Some dive centres in Melbourne are offering an Open Water course based on pier dives only. No boat dives are included in their courses. Gradually swimming out from a pier, following the sandy bottom down to a depth of between 16 to 18 metres deep is relatively easy. Learning to descend in Open Water from a boat on the surface straight down to a 16 to 18 metres bottom depth, requires more skills and better prepares you for real diving in Melbourne and elsewhere. That's why the instructors used by The Scuba Doctor include this type of dive in their Open Water course.
If you're thinking about doing your Open Water course with some other dive centre in Melbourne, use the above information to ask them if the dive course they will provide you with a full Open Water certification? If so, will their Open Water course include a boat dive? Does their Open Water dive course exceed Australian Standards and local best practice, or does it just barely comply with the minimums set by certification agencies based on easier conditions elsewhere.

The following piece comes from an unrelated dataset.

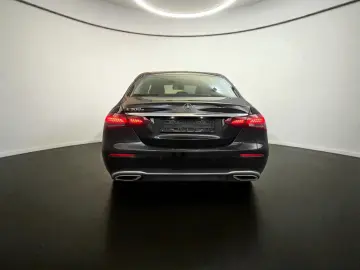 MERCEDES-BENZ E 300 e Limo AVANTGARDE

You need to know just what other dive centres are leaving out of their Open Water dive course so that they can offer you such a cheap price. Plus you need to know how much extra they will charge you for the additional dives you'll need to properly attain the valuable skills they left out.
Private Tuition in Melbourne
We offer bespoke, personalised, private tuition in Melbourne and on the Mornington Peninsula. You will be the one and only priority of your diving instructor. That is, unless you opt to share your instructor with a family member, partner or friend.
This lets you learn at your own pace and enjoy your Open Water Course. It's an unrushed experience. Working together with your personal Scuba Instructor you can choose which times of day you want to schedule your dives and training.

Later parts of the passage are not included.